I have a list of websites and a list of proxy servers.
I have this action
Action<string> action = (string url) =>
{
var proxy = ProxyHandler.GetProxy();
HtmlDocument html = null;
while (html == null)
{
try
{
html = htmlDocumentLoader.LoadDocument(url, proxy.Address);
// Various db manipulation code
ProxyHandler.ReleaseProxy(proxy);
}
catch (Exception exc)
{
Console.WriteLine("{0} proxies remain", ProxyHandler.ListSize());
// Various db manipulation code
proxy = ProxyHandler.GetProxy();
}
}
};
Which I call using
urlList.AsParallel().WithDegreeOfParallelism(12).ForAll(action);
or
Parallel.ForEach(urlList, action);
My ProxyHandler class is as follows
public static class ProxyHandler
{
static List<Proxy> ProxyList = new ProxyRepository().GetAliveProxies().ToList();
public static Proxy GetProxy()
{
lock (ProxyList)
{
while (ProxyList.Count == 0)
{
Console.WriteLine("Sleeping");
Thread.Sleep(1000);
}
var proxy = ProxyList[0];
ProxyList.RemoveAt(0);
return proxy;
}
}
public static void ReleaseProxy(Proxy proxy)
{
lock (ProxyList)
{
if(!ProxyList.Contains(proxy))ProxyList.Add(proxy);
}
}
public static int ListSize()
{
lock (ProxyList)
{
return ProxyList.Count;
}
}
}
My problem is that when this is executing it appears to complete ~90% of websites really quick and then take a really long time to do the remaining.

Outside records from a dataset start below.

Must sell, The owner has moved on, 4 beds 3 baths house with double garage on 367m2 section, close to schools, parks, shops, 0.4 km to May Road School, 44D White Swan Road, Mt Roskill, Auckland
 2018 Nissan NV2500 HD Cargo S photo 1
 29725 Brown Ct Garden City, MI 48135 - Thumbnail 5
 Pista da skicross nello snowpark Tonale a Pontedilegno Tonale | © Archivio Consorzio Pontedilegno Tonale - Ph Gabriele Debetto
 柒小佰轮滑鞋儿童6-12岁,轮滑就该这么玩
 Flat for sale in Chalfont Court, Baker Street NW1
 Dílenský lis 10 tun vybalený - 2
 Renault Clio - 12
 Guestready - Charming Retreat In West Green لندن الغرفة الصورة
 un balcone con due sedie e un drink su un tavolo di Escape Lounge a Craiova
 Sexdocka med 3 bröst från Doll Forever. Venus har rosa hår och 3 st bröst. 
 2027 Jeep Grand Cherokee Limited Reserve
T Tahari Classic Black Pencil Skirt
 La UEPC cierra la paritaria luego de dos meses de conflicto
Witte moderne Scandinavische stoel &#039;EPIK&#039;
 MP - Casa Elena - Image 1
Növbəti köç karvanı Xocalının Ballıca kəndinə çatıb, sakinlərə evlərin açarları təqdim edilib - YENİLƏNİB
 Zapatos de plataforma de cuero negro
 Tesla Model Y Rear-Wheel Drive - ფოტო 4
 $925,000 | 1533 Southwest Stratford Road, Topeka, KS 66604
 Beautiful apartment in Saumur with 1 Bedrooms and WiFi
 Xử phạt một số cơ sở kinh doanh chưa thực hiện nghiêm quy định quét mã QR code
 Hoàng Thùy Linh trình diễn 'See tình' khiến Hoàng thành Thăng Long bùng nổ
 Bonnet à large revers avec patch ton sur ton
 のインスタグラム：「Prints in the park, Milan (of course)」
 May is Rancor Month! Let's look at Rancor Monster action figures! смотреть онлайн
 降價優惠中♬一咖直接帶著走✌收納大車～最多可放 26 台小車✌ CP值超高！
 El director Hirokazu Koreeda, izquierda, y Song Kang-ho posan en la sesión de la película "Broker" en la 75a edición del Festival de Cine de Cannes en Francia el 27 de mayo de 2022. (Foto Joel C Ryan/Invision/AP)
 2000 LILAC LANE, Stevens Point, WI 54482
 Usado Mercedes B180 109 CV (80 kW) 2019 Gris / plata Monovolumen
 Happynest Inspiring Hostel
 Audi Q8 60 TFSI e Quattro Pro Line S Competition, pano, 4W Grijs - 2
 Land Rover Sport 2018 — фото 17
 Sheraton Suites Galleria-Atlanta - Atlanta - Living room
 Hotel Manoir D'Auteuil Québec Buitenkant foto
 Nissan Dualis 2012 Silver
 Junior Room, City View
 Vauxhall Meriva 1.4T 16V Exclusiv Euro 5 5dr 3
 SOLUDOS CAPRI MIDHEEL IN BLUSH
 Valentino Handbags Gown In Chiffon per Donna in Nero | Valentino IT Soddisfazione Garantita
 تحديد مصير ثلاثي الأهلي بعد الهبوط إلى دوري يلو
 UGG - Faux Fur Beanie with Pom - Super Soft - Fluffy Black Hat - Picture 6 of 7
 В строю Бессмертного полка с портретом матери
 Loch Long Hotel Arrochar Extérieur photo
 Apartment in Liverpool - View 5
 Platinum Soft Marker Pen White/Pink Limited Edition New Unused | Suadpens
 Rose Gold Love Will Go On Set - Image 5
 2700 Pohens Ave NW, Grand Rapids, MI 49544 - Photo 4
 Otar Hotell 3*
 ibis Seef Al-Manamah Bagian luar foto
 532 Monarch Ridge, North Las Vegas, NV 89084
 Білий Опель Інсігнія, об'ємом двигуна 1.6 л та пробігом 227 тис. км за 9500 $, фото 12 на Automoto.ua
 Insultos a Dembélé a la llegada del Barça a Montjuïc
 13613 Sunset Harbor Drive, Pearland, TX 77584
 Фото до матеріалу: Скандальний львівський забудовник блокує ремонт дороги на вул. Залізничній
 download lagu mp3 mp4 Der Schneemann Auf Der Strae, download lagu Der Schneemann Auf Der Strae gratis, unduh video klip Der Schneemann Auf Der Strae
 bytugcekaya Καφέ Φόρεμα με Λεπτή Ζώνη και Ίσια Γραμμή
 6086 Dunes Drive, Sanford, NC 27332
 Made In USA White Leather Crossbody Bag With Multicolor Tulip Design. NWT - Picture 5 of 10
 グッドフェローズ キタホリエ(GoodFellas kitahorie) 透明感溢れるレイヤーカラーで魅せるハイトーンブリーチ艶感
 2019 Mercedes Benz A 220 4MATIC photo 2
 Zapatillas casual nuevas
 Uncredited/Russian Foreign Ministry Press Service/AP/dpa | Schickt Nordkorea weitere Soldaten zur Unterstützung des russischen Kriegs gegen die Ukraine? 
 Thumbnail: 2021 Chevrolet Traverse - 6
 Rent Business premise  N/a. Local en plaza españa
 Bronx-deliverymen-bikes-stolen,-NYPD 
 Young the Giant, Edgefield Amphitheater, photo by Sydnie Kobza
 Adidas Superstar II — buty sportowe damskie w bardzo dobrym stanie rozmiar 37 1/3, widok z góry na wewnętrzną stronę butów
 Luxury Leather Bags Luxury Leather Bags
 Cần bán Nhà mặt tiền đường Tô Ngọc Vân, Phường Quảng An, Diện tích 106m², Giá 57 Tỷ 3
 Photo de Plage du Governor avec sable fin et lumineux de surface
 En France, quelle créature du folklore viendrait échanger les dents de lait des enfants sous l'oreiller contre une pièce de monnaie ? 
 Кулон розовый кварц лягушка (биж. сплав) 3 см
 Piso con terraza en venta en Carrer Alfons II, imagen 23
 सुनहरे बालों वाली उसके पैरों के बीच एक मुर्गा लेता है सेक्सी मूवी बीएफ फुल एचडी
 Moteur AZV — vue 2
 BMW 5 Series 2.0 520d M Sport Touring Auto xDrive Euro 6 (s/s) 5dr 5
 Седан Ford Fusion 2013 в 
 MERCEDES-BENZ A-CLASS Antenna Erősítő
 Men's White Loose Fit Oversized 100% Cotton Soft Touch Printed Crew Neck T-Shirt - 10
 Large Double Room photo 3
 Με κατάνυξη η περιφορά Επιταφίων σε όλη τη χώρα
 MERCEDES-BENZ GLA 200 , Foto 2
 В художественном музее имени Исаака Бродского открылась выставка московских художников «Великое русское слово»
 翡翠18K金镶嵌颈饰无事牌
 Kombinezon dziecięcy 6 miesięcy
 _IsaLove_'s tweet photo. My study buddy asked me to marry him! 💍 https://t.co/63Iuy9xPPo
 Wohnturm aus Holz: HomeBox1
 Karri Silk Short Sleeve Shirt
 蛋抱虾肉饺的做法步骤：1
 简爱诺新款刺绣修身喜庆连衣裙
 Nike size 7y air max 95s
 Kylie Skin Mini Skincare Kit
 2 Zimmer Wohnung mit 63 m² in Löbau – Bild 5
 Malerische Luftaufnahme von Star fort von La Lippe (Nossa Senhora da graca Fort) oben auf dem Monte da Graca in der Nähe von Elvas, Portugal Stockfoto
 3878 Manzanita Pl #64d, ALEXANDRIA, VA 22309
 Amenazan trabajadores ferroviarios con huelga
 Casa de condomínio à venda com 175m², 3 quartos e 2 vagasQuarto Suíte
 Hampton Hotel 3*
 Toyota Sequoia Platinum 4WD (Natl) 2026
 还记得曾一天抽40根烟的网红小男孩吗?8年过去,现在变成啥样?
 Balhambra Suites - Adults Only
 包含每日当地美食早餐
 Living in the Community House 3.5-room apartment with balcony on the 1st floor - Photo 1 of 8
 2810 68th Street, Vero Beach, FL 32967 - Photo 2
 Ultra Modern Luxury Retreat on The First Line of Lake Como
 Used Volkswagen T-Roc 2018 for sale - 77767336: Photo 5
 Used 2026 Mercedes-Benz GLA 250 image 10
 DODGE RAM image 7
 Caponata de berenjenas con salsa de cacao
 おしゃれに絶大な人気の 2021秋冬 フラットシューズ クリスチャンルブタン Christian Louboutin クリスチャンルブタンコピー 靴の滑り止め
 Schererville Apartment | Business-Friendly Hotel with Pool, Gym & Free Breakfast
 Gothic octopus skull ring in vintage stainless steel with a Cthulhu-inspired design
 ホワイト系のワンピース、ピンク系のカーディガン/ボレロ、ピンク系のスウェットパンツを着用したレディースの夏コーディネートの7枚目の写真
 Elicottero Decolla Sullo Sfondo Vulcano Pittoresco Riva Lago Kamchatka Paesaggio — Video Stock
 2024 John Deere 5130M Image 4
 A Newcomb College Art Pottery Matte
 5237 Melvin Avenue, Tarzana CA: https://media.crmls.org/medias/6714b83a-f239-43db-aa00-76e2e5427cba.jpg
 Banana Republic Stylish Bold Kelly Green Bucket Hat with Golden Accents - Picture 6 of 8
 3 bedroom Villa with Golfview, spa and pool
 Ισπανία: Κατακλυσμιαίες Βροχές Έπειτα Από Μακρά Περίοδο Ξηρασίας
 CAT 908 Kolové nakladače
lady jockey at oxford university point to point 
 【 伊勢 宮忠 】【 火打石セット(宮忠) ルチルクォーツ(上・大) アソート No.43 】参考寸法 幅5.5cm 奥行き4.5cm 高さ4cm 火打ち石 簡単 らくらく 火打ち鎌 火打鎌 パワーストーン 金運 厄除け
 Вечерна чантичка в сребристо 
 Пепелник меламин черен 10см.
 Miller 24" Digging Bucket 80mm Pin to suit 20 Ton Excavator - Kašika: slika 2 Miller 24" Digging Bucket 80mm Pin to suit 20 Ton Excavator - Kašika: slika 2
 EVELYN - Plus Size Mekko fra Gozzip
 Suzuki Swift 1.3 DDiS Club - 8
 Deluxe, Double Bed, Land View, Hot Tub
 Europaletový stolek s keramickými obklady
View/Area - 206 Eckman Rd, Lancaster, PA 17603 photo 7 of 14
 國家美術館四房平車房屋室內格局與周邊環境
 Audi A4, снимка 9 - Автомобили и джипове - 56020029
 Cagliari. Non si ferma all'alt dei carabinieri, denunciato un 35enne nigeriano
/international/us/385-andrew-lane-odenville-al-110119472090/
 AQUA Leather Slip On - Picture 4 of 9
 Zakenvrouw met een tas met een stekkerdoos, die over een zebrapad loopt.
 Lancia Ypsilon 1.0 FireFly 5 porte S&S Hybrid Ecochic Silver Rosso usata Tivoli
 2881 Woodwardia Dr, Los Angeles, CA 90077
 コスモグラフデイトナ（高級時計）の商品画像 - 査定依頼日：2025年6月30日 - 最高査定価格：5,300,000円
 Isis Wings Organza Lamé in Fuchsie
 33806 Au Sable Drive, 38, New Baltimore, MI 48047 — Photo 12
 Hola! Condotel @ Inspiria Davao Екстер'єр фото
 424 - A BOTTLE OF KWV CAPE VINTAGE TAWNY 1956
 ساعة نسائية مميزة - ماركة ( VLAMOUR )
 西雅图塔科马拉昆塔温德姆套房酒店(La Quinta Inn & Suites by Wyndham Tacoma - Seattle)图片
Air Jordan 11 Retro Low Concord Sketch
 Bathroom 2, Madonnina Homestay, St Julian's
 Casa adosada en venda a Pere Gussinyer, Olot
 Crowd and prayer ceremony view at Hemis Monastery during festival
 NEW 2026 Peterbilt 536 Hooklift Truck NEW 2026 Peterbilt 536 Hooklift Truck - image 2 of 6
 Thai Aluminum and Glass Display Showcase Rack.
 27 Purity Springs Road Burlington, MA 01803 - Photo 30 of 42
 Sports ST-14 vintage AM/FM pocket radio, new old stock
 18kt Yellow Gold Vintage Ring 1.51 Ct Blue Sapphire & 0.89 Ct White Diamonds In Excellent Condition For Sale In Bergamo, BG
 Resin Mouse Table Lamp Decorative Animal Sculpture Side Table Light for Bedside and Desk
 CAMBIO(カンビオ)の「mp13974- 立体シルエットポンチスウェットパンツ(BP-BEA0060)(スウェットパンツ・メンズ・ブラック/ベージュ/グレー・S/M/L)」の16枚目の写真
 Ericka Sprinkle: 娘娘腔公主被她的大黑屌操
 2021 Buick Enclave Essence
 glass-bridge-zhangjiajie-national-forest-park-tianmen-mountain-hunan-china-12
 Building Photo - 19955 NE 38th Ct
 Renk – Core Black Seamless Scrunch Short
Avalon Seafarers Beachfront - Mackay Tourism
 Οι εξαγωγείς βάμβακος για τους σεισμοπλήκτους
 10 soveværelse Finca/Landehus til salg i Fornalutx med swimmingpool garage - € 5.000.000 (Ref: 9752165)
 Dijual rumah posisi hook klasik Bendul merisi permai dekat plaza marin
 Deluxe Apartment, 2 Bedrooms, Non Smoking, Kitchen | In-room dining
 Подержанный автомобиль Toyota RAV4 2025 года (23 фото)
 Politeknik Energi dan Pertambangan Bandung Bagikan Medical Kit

What I mean is out of 100 urls it take as much time to do the first 90 as it does doing the last 10.
I have ruled out proxies being dead since no exception is thrown. It appears as if the last of the items on the urlList just take really long to complete.
UPDATE:
I am adding some running data to make my problem clearer:
Minute 1 2 3 4 5 6 7 8 9 16 18 19
Count 23 32 32 17 6 1 1 1 1 2 1 2
As you can see in the first 4 minutes I do 104/119 of the requests. And then it takes 15 minutes to do the rest.
This looks like a problem in the joining of the Threads, but I fail to spot what this might be.